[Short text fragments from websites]
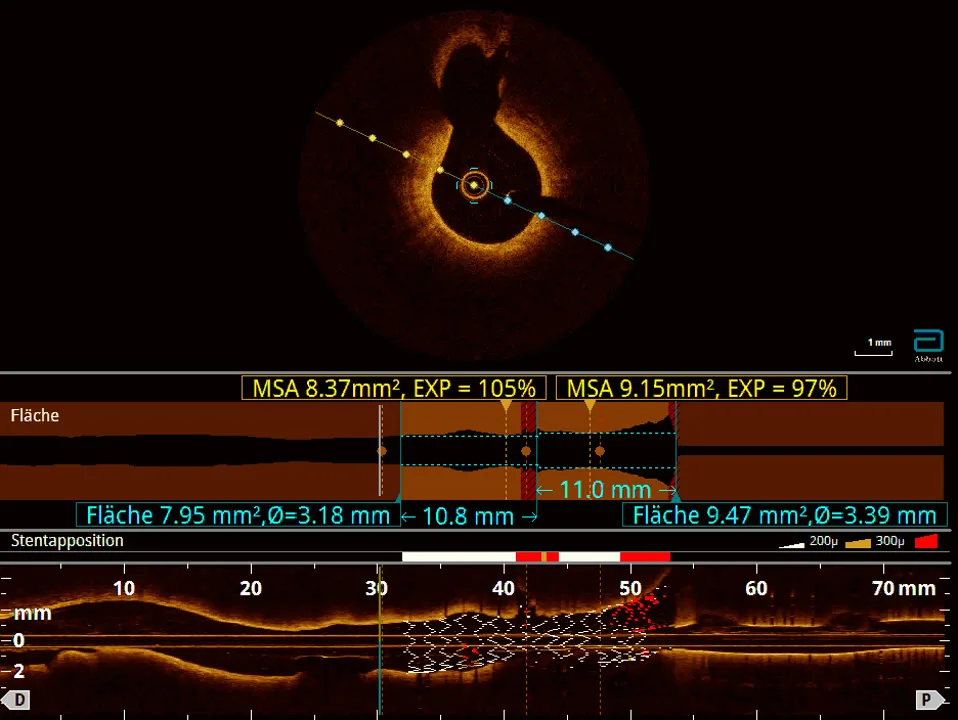 Coronary imaging in the cardiac catheterisation laboratory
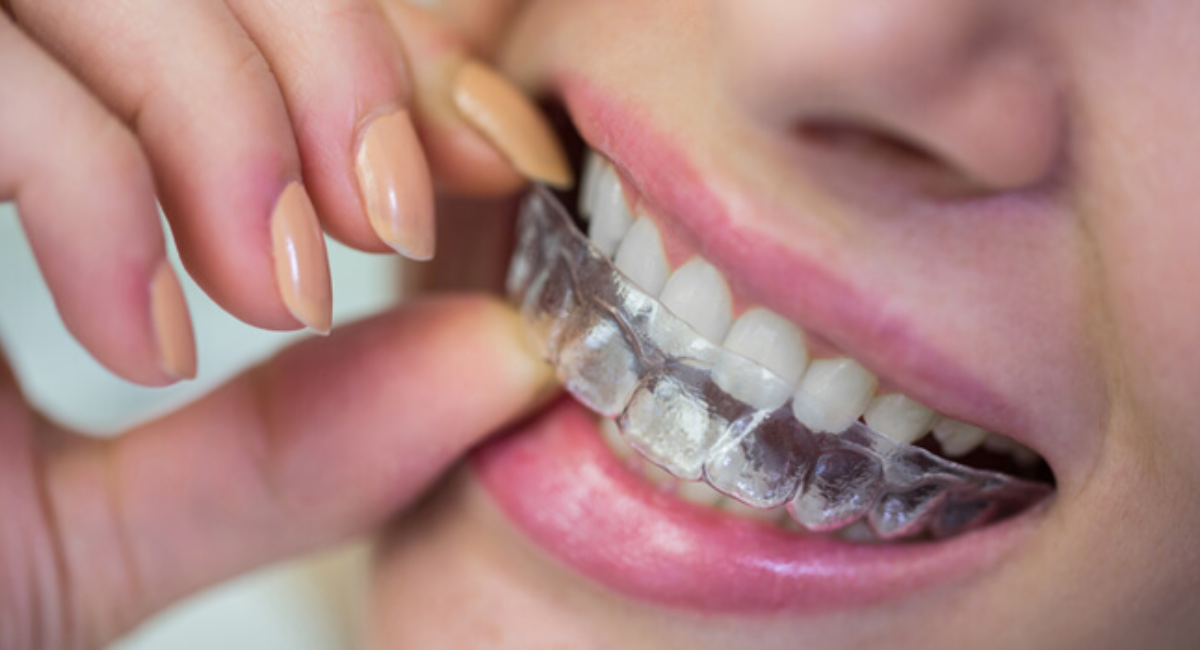 clear aligners - the smart solution for gapped teeth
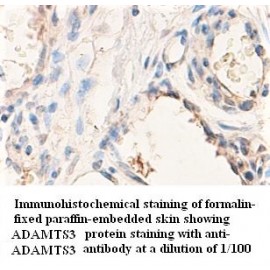 ADAMTS3 Antibody (Rabbit Polyclonal)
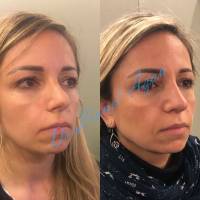 Dr Azan & Dr Susini -  Devis pour une rhinoseptoplastie par un chirurgien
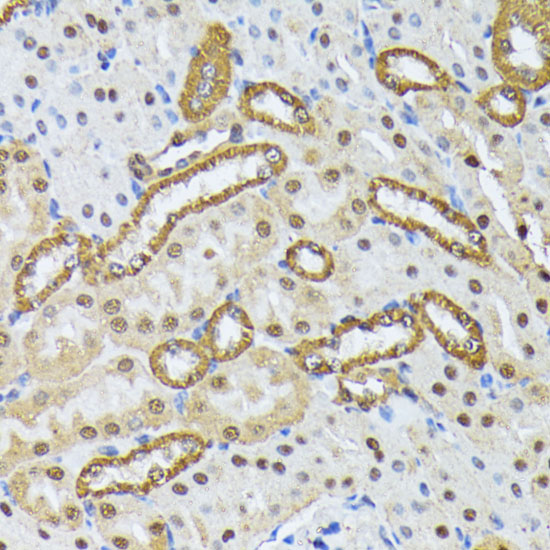 SMN2 Polyclonal Antibody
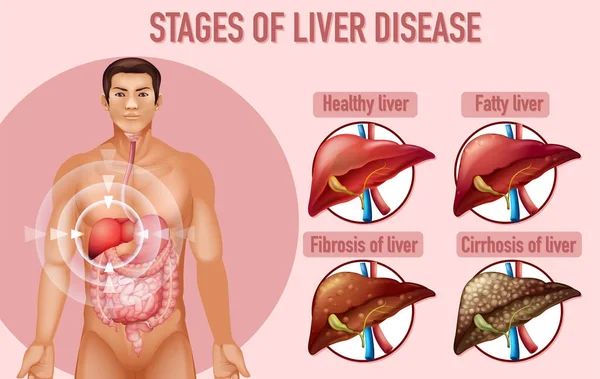 Stages Liver Disease Illustration — Stock Vector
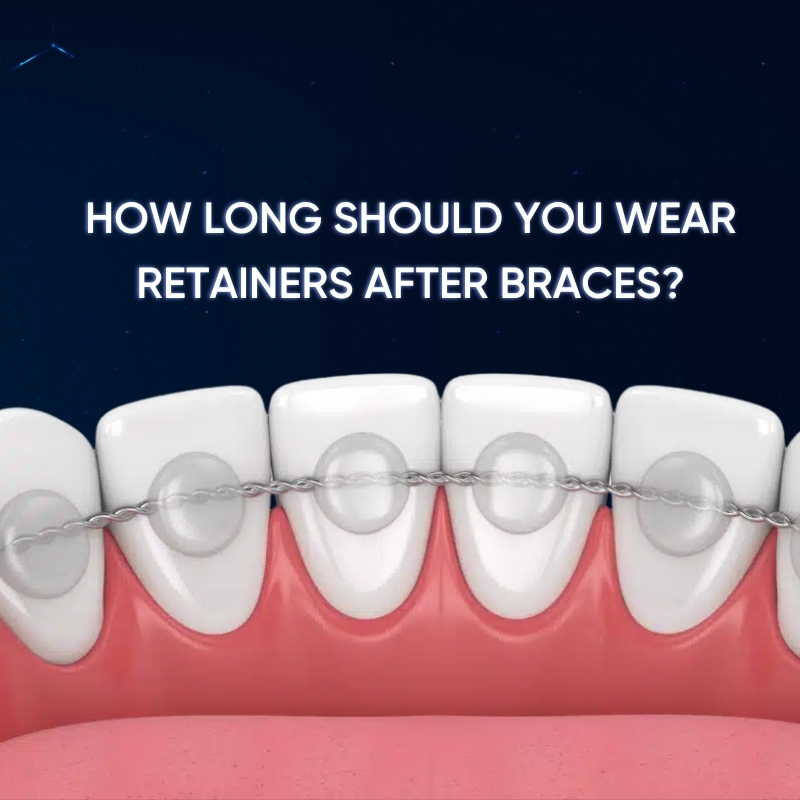 How Long Should You Wear Retainers After Braces?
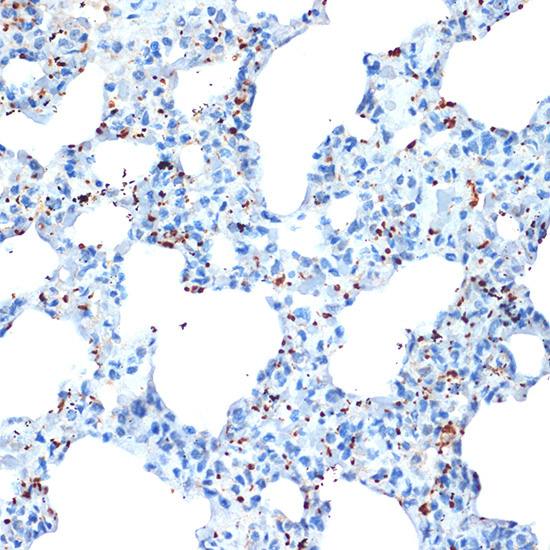 CXCL4/PF4 Rabbit Monoclonal Antibody - Image 2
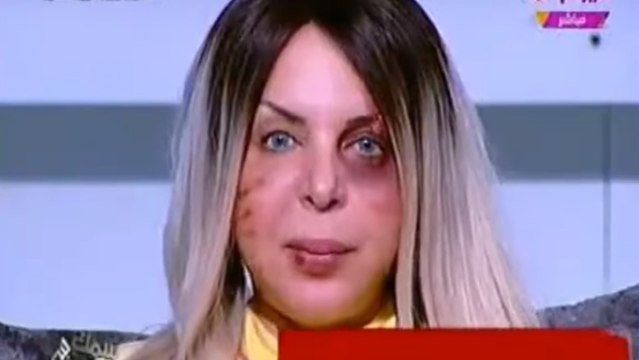Une présentatrice égyptienne apparaît à l'écran le visage tuméfié pour dénoncer les violences conjugales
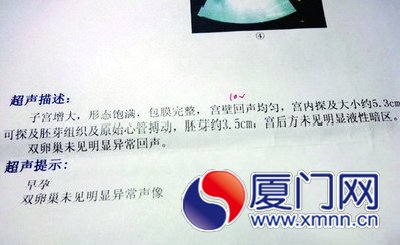 第三医院正确的检查报告
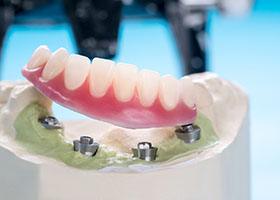 a model showing how implant dentures work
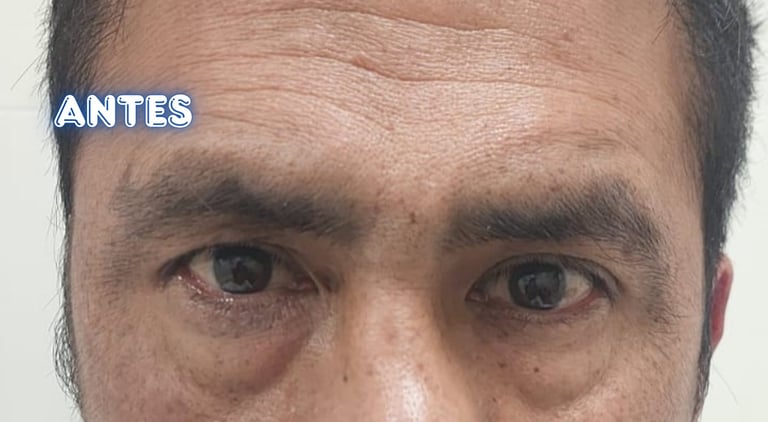 Dra. Lilyan Marissel - Cirugía Plástica y Estética - blefaroplastia-inferior-varon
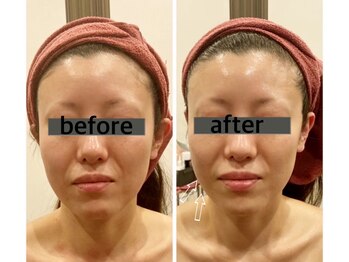 マリスレジーナ 新保店(MarisRegina)/コルギ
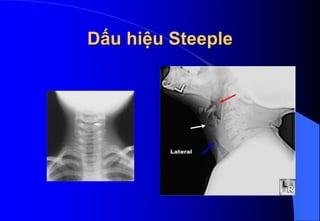 Dấu hiệu Steeple
 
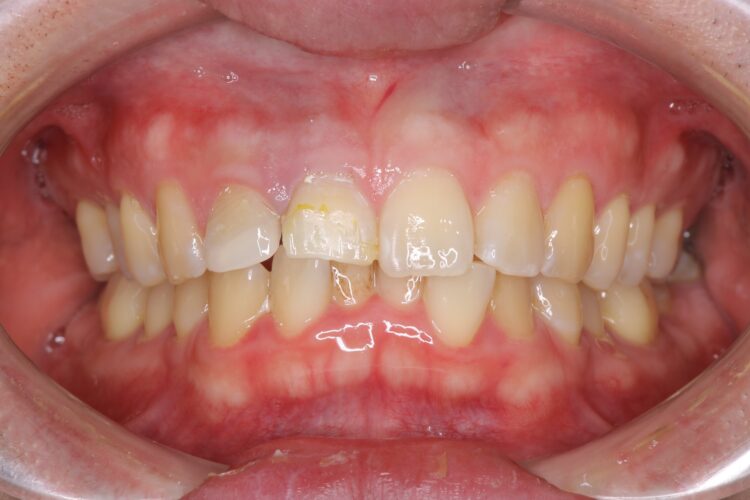 歯を白くしてからセラミック治療をしたい 治療前画像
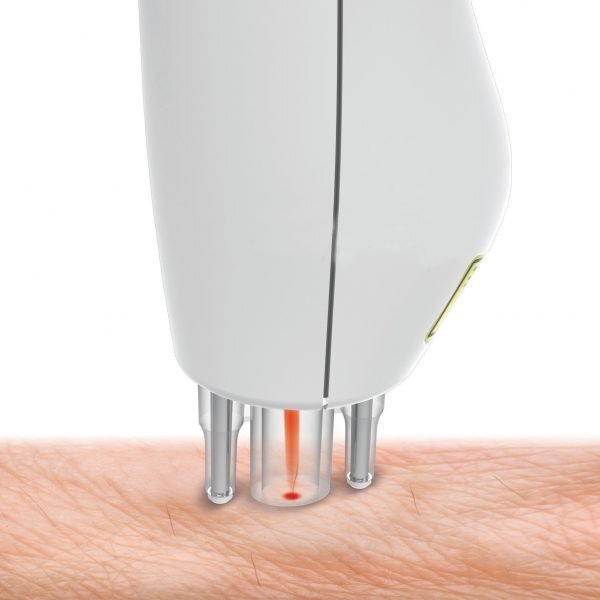 Бытовые лазерные эпиляторы очень ограничены в площади своего действия, многие модели за вспышку удаляют только 1 волосок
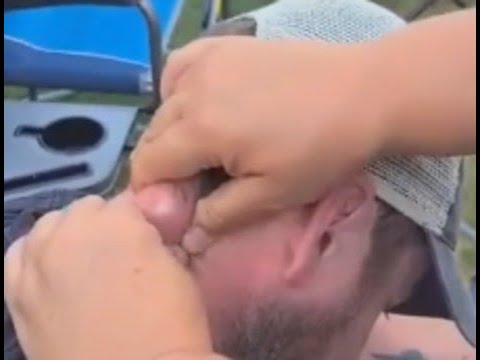 Dude Has His Giant Cyst Popped!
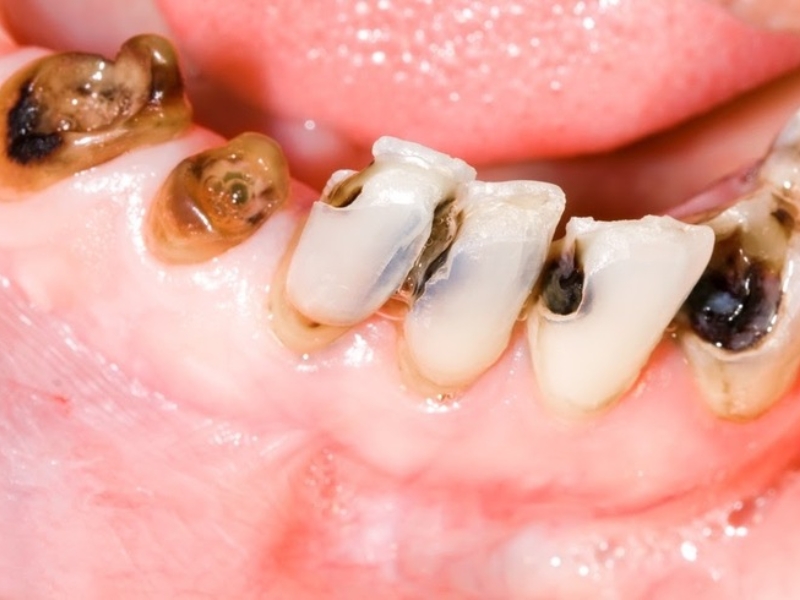 Bị sâu răng có lây sang răng khác không?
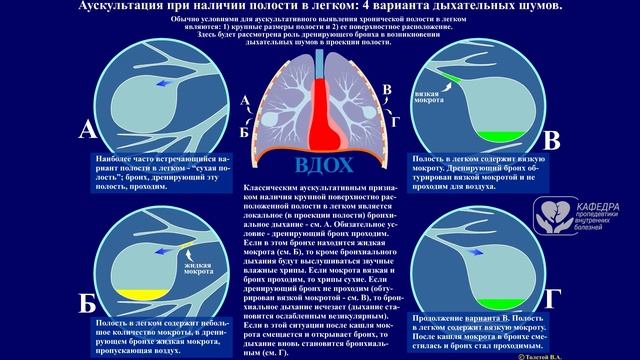 Синдром полости в лёгком смотреть онлайн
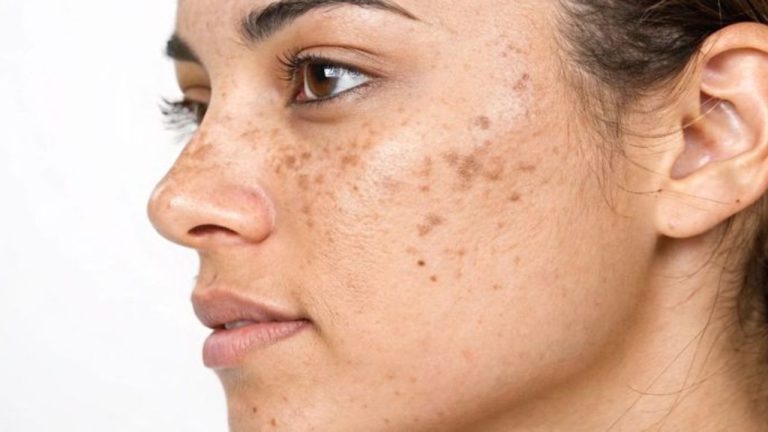 Remedies For Pigmentation
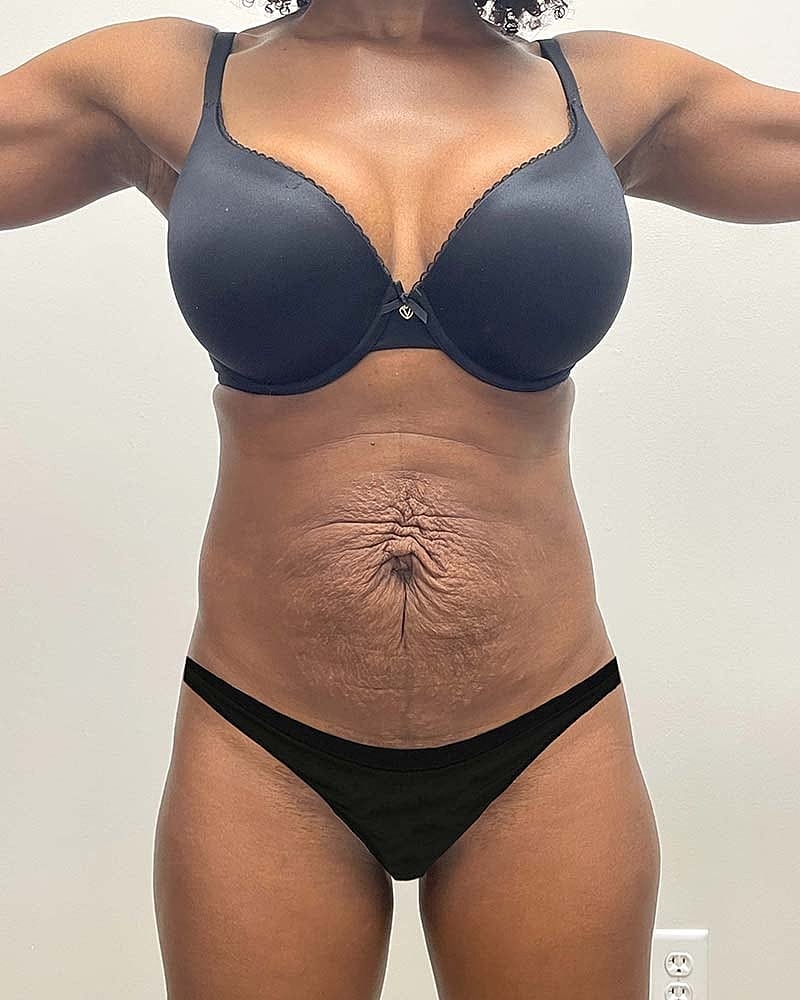 Tummy Tuck Before & After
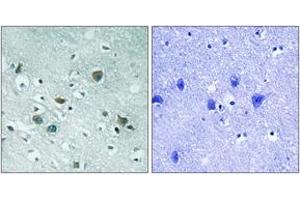 Immunohistochemistry analysis of paraffin-embedded human brain, using CRMP-2 (Phospho-Thr509) Antibody. (DPYSL2 antibody  (pThr509))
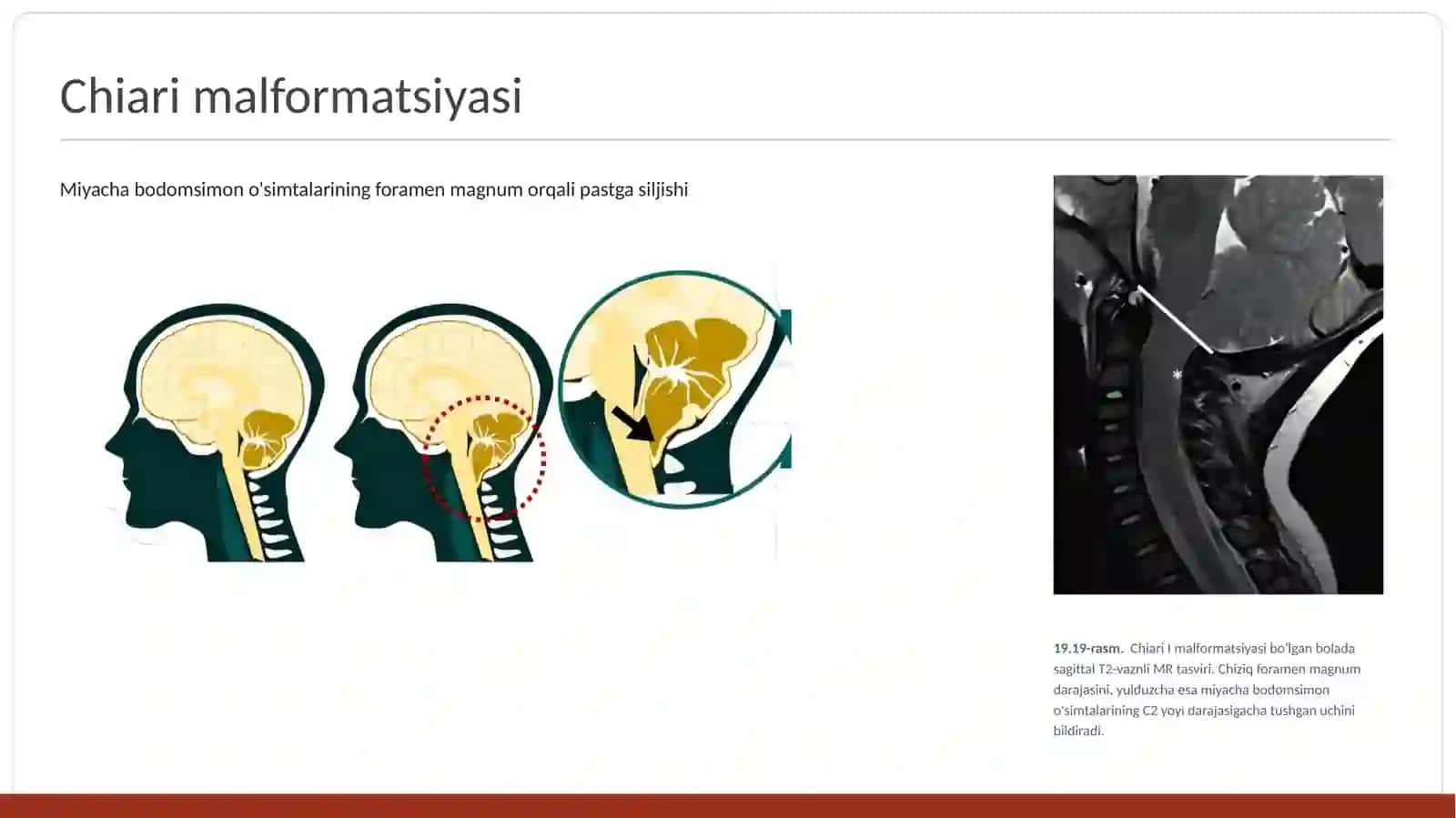 Chiari Malformatsiyalari// kiari anomaliyalri// kiari malformatsiyasi 2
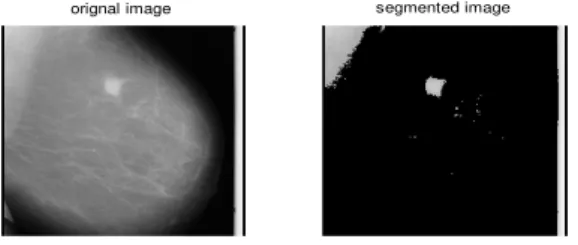 Fig 3: a) Orignal Image b) Thresholded image 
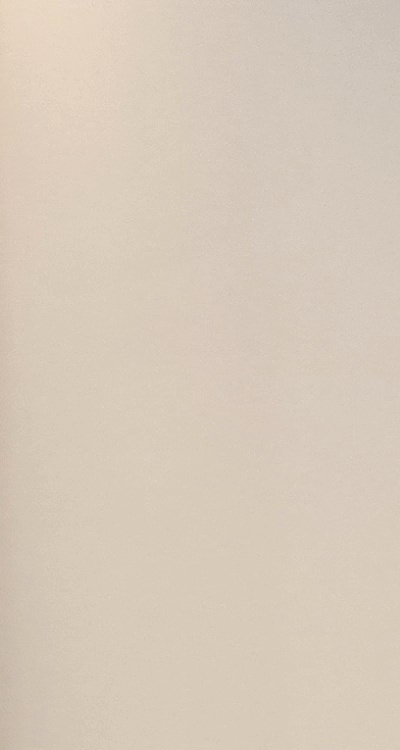 앞니 올세라믹 이건 알고 시작하세요 관련 이미지 13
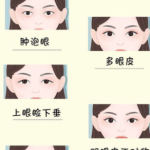 成都游晓波双眼皮案例分享！术后效果自然，价格9800元起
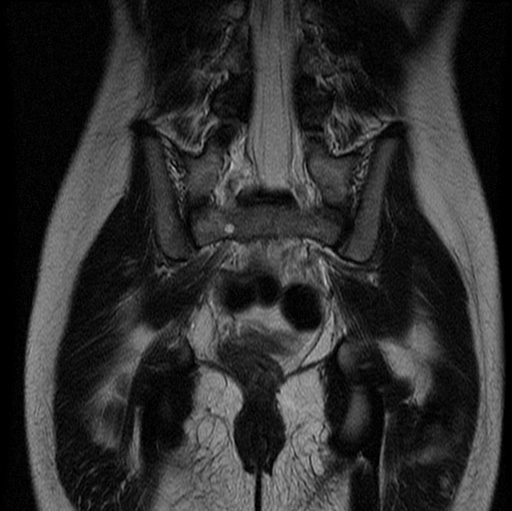 File:Aneurysmal bone cyst - sacrum (Radiopaedia 65190-74196 Coronal T2 12).jpg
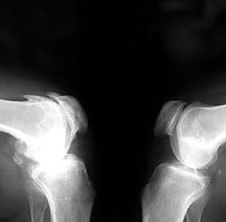 Osteoartroos on x-ray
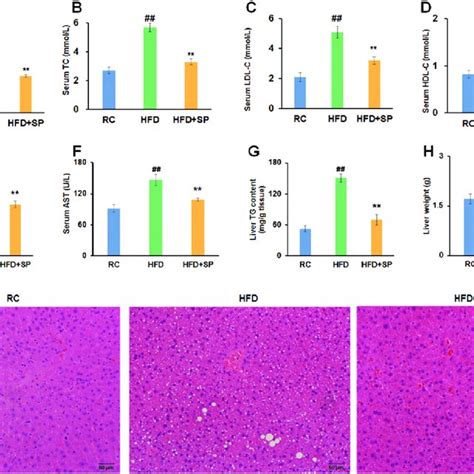 Effects Of Sp On The Serum And Liver Lipid Levels In Hfd Induced Obese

EXERCISE BRIEF
Treat the line with "第三医院正确的检查报告" as the start and the line with "Tummy Tuck Before & After" as the end, and return exactly that span of the data above, both ends included, without pictures.

RESPONSE
 第三医院正确的检查报告
 a model showing how implant dentures work
 Dra. Lilyan Marissel - Cirugía Plástica y Estética - blefaroplastia-inferior-varon
 マリスレジーナ 新保店(MarisRegina)/コルギ
 Dấu hiệu Steeple
 
 歯を白くしてからセラミック治療をしたい 治療前画像
 Бытовые лазерные эпиляторы очень ограничены в площади своего действия, многие модели за вспышку удаляют только 1 волосок
 Dude Has His Giant Cyst Popped!
 Bị sâu răng có lây sang răng khác không?
 Синдром полости в лёгком смотреть онлайн
 Remedies For Pigmentation
 Tummy Tuck Before & After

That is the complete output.